Boots and the hoots return to Lethbridge this week. photo by Richard Amery
 They have a rare Thursday night show, Feb. 27 with Red Deer roots /folk band Boots and The Hoots and Broken Brothers aka Eric Laroque and Ben Caldwell, performing after the Owl’s monthly poetry open mic hosted by Teri Petz at 7:30 p.m.
 They turn things up a notch, Feb. 28 with Calgary soul and funk band God Spilt the Milk plus local bands the Cayley and 21st Avenue. Admission is by donation.


Lethbridge Musical Theatre’s Broadway open mic returns to the Owl Acoustic Lounge, Feb. 29 from 3-5 p.m. So come on out and belt out your favourite Broadway hits. Live piano accompaniment will be provided. Feel free to bring you own sheet music or choose from the music available.
 Later on, Jay Bowcott’s new band Rooks return to the Owl Acoustic Lounge stage at approximately 9:30 p.m.


 The Geomatic Attic brings back Calgary indie rock/ folk band Reuben and the Dark to Southminster United Church, Feb. 29. Local band Ghost Woman open the show at  at 8 p.m. sharp.  Tickets cost $36.50.
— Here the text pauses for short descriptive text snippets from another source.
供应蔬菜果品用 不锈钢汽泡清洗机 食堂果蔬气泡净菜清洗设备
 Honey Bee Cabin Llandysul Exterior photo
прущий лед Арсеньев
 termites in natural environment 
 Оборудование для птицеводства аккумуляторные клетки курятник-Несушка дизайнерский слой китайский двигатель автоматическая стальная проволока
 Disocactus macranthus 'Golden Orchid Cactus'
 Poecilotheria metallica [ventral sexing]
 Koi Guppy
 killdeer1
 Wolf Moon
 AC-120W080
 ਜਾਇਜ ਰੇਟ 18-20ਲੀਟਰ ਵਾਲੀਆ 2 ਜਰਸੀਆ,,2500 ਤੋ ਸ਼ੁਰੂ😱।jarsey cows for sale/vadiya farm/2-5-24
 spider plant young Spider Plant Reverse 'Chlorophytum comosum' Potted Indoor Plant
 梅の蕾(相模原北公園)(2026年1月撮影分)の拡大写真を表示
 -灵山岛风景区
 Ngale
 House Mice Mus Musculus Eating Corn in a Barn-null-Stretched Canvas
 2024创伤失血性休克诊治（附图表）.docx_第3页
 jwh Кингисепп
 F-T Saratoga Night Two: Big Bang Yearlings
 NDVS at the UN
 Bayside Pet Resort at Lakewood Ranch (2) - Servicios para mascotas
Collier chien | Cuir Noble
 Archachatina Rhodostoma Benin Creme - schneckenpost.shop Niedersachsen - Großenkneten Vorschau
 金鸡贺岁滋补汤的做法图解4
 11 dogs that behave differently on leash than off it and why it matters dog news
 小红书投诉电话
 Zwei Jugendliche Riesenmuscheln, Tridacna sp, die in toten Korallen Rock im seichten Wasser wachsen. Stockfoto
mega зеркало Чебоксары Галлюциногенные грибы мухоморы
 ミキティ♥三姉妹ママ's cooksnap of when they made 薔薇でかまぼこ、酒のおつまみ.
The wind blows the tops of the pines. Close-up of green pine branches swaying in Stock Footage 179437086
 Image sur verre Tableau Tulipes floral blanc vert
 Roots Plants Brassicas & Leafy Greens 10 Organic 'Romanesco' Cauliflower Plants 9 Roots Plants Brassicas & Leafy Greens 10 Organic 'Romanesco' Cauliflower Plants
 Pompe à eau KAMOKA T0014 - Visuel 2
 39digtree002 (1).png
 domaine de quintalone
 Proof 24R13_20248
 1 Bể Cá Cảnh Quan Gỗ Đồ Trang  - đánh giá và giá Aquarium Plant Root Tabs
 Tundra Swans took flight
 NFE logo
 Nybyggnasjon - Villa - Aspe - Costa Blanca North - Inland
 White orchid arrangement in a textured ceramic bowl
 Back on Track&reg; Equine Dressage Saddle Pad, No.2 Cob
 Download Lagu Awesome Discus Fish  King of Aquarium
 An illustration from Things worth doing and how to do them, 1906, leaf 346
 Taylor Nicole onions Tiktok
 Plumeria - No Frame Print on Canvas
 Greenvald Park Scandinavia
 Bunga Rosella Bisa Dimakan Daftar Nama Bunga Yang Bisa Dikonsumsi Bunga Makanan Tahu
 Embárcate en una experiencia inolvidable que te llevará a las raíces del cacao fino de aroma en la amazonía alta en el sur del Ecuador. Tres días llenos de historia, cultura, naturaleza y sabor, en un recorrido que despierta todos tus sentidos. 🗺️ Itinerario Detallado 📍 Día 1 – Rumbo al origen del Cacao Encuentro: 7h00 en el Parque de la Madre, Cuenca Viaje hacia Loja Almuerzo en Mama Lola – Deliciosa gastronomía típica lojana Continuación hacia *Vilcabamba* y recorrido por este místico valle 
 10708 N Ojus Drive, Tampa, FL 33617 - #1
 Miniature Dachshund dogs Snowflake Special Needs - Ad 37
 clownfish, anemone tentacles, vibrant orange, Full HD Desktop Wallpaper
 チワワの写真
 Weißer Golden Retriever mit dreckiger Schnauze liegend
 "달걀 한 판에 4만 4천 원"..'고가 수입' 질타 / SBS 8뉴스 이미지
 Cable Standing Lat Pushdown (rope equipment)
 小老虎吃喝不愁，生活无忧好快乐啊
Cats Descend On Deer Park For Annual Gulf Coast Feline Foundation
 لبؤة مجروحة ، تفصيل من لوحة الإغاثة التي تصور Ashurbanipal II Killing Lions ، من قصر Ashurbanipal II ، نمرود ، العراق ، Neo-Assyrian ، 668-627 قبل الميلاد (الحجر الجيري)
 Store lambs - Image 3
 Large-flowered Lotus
 That corner of downtown will be packed Feb. 29, with three big shows happening.
 Ammena Dance presents An Explosion of World Dance in the Yates Theatre beginning at 7:30 p.m. Tickets for Explosion of World Dance are $31 for adults,  $26 for children.

While right next door in the Sterndale Bennett Theatre, the Quaint Quirky and Queer cabaret begins at 8 p.m.. Tickets are $25 in advance, $30 at the door.


 The Slice rocks as usual this week. On Feb. 28, Red Deer based power pop group The Pits Planet Earth plus local alternative rock band MTBC play the Slice beginning at around 9:30 p.m. There is a $10 cover for the show.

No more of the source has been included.